It took us two posts, but we showed that the category of representations of a Hopf algebra $H$ has duals. This is on top of our earlier result that the category of representations of any bialgebra $B$ is monoidal. Let’s look at this a little more conceptually.

Earlier, we said that a bialgebra is a comonoid object in the category of algebras over $\mathbb{F}$. But let’s consider this category itself. We also said that an algebra is a category enriched over $\mathbb{F}$, but with only one object. So we should really be thinking about the category of algebras as a full sub-2-category of the 2-category of categories enriched over $\mathbb{F}$.

So what’s a comonoid object in this 2-category? When we defined comonoid objects we used a model category $\mathrm{Th}(\mathbf{CoMon})$. Now let’s augment it to a 2-category in the easiest way possible: just add an identity 2-morphism to every morphism!

But the 2-category language gives us a bit more flexibility. Instead of demanding that the morphism $\Delta:C\rightarrow C\otimes C$ satisfy the associative law on the nose, we can add a “coassociator” 2-morphism $\gamma:(\Delta\otimes1)\circ\Delta\rightarrow(1\otimes\Delta)\circ\Delta$ to our model 2-category.

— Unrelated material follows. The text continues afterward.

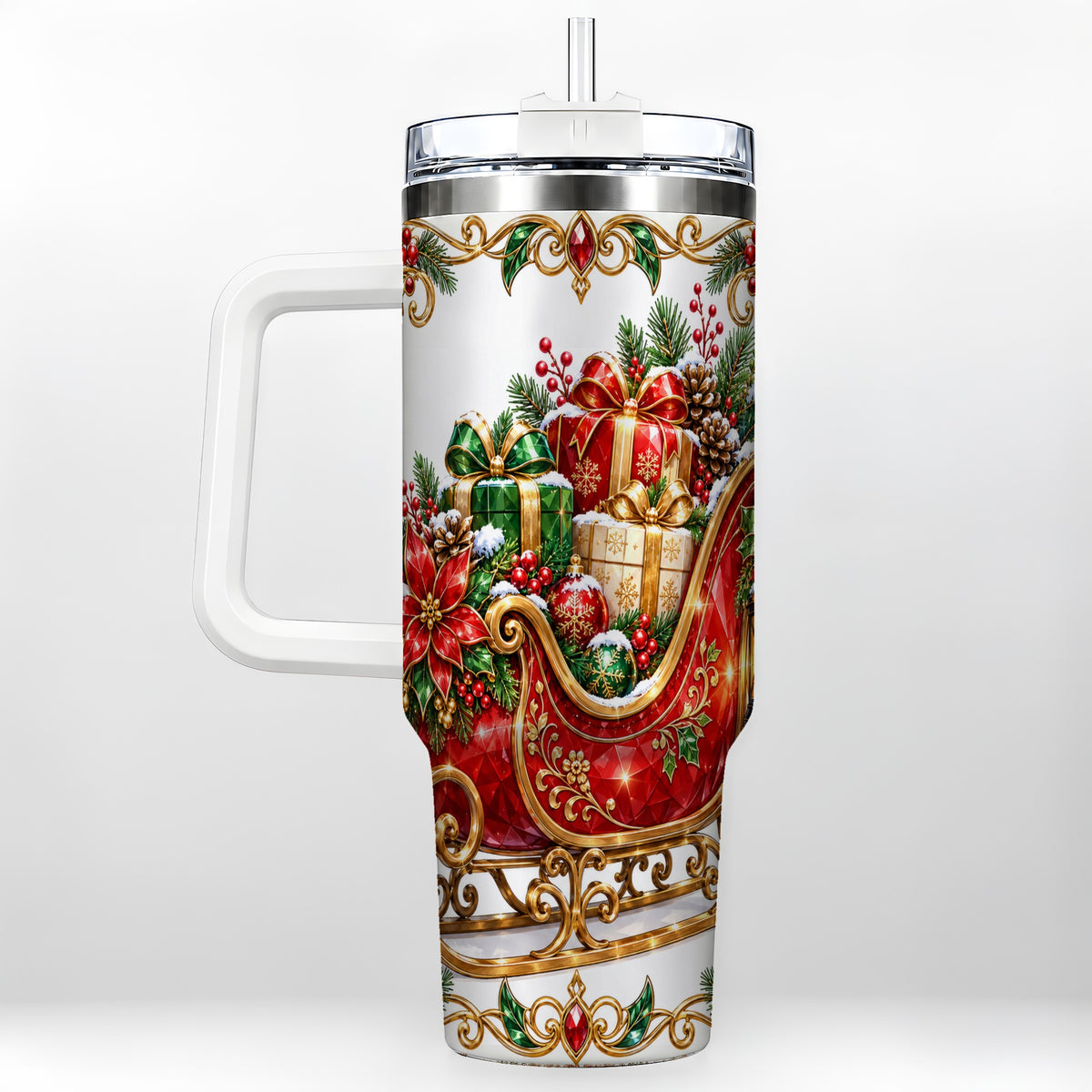 Christmas Sleigh 40oz Tumbler with Handle, Festive Holiday Drinkware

Similarly, we dispense with the left and right counit laws and add left and right counit 2-morphisms. Then we insist that these 2-morphisms satisfy pentagon and triangle identities dual to those we defined when we talked about monoidal categories.

What we’ve built up here is a model 2-category for weak comonoid objects in a 2-category. Then any weak comonoid object is given by a 2-functor from this 2-category to the appropriate target 2-category. Similarly we can define a weak monoid object as a 2-functor from the opposite model 2-category to an appropriate target 2-category.

So, getting a little closer to Earth, we have in hand a comonoid object in the 2-category of categories enriched over $\mathbb{F}$ — our algebra $B$. But remember that a 2-category is just a category enriched over categories. That is, between $H$ (considered as a category) and $\mathbf{Vect}(\mathbb{F})$ we have a hom-category $\hom(H,\mathbf{Vect}(\mathbb{F}))$. The entry in the first slot $H$ is described by a 2-functor from the model category of weak comonoid objects to the 2-category of categories enriched over $\mathbb{F}$. This hom-functor is contravariant in the first slot (like all hom-functors), and so the result is described by a 2-functor from the opposite of our model 2-category. That is, it’s a weak monoid object in the 2-category of all categories. And this is just a monoidal category!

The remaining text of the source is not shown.